I wouldn't say "connected", but studios started to pay heed to internet culture after stuff like Ain't it Cool News and other rabid online Batman fan audiences started vociferously derailing all the marketing and review press of Batman & Robin. Studio's realized after that that vocal online audiences were a demographic that they couldn't ignore even if they made up a relatively small part of of the audience.
Scott Pilgrim will always be a niche thing. It just doesn't have mass market appeal, but that's not always a bad thing. I love both the comic and movie for different reasons.
There's not a lot to me that suggests some kind of weird videogame nerd fanservice movie would be more successful today. By the same token, Mallrats would probably tank too.
Michael Cera simply cannot carry a film to commercial success. Studios took the wrong lesson from Superbad and let him headline a bunch of films, nearly all of which tanked. He is the Jason Biggs of the millenial generation.

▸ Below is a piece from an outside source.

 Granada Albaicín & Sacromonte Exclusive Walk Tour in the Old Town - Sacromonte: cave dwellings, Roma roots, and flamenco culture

So wanting to date another person who's not underage makes him less of a creep? Alright then let's let all the child molesters who dated or married adults out of prison- wait.
If you want to reduce Scotts affection to Knives to her age alone, you gotta explain why he was willing to drop her the moment Ramona skated trough his dreams.
If you wanna point out how weird and creepy it was for Scott to "date" a 17-year old, then right away, even the movie itself does it.
But if you want to paint Scott as a child molester creeping on underage girls like you do in your posts, then i'm sorry but i think you are discussing the wrong movie.
I love Scott Pilgrim, my favorite Edgar Wright movie after Hot Fuzz, but there's no way that movie would ever make a billion in the box office no matter when it was made or how it was marketed.
I think Scott Pilgrim, the comic, is really a product of the 00s, before or during the start of millennials as a culturally visible social group, so it won't resonate as much today.